Размышления и максимы

22
18
20
22
24
26
28
30

В ином, довольно далеком от предыдущего роде мне хотелось бы отметить две прелестные вещи — «Памяти Женонвиля» и «На смерть мадмуазель Лекуврер»,[126] где печаль, дружба, красноречие и поэзия изъясняются с самой непринужденной грацией и трогательной простотой. Я ставлю два подобные небольшие стихотворения, гениально написанные и дышащие страстью, выше многих длинных поэм.

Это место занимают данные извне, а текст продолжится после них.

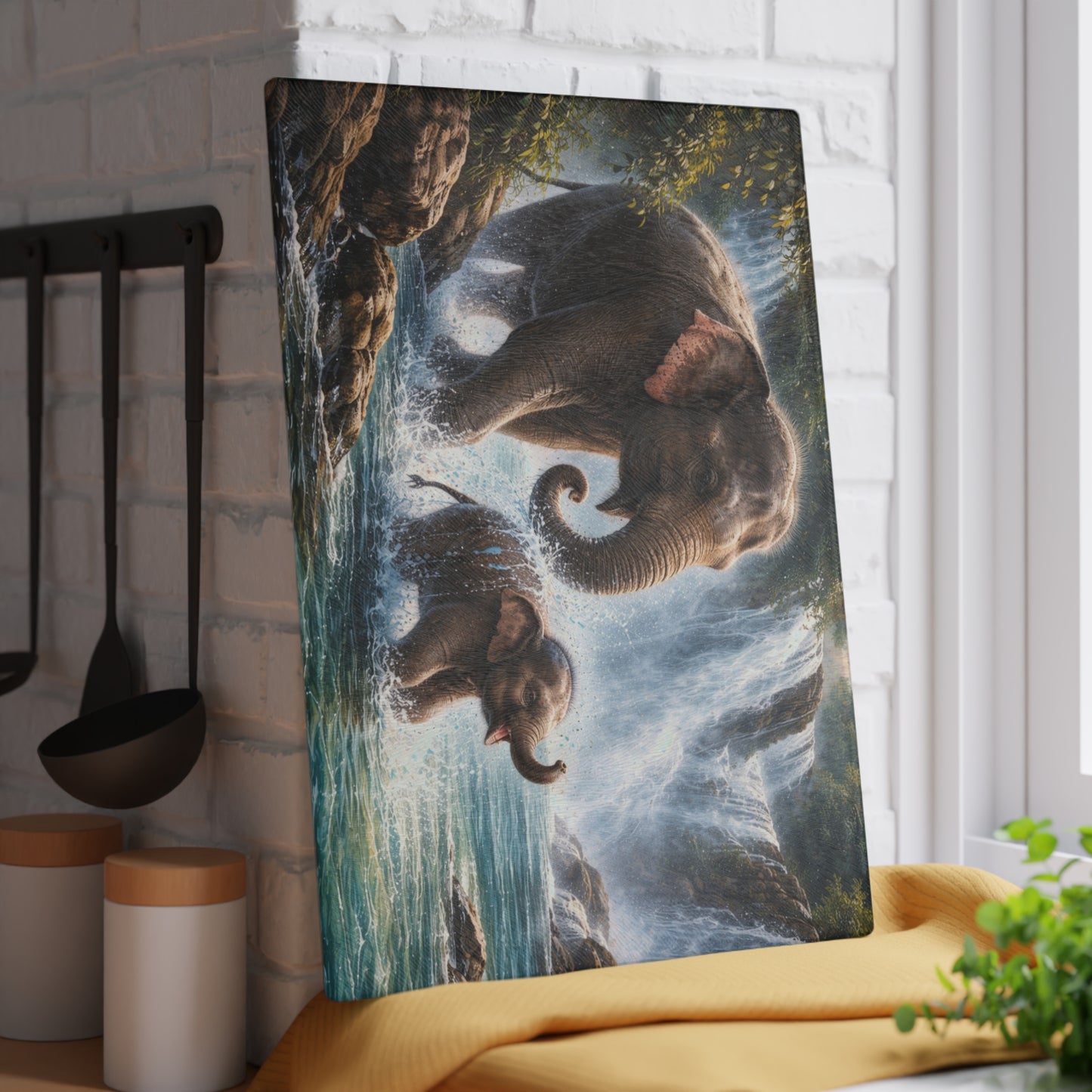 Elephant Waterfall Adventure Glass Cutting Board – Playful Wildlife Nature Kitchen Art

Закончу с произведениями г-на де Вольтера несколькими словами о его прозе. Нет ни одного мало-мальски существенного достоинства, которого бы ей недоставало. Если вам хочется увидеть весь блеск учтивости нашего века в сочетании с неподражаемым умением отстаивать правду в вопросах хорошего вкуса, вам надлежит лишь прочесть предисловие к «Эдипу», с неповторимой деликатностью направленное против г-на де Ла Мота;[127] если вы ищете чувство и гармонию, подкрепленные редким благородством, загляните в предисловие к «Альзире» и в «Послание г-же маркизе дю Шатле»;[128] если, интересуясь всемирной литературой, вы ищете автора, обладающего способностью постигать характер многих наций и передавать манеру самых различных великих поэтов, вы найдете все это в «Размышлениях об эпических поэтах»[129] и в отрывках из английских стихотворцев,[130] переведенных г-ном де Вольтером так, что они, пожалуй, превосходят оригинал. Не говорю уже об «Истории Карла XII», критики которой оказались настолько несостоятельны, что книга завоевала непререкаемый авторитет, поскольку она, на мой взгляд, написана с силой, точностью и образностью, достойными ее автора. Но если даже вам знакомы у г-на де Вольтера лишь «Опыт о веке Людовика XIV»[131] и «Размышления об истории»,[132] этого достаточно, чтобы счесть его не только первоклассным писателем, но и гениальным художником, который, живописуя любой предмет крупным и быстрым мазком, являет глазам нагую истину. Вы признаете за ним могучее воображение, сближающее между собой самые отдаленные стороны человеческого бытия, и, наконец, дух, который стоит выше предрассудков, сочетая учтивость и философскую глубину нашего столетия со знанием былого, его обычаев, политики, верований и вообще всего, чем жило человечество.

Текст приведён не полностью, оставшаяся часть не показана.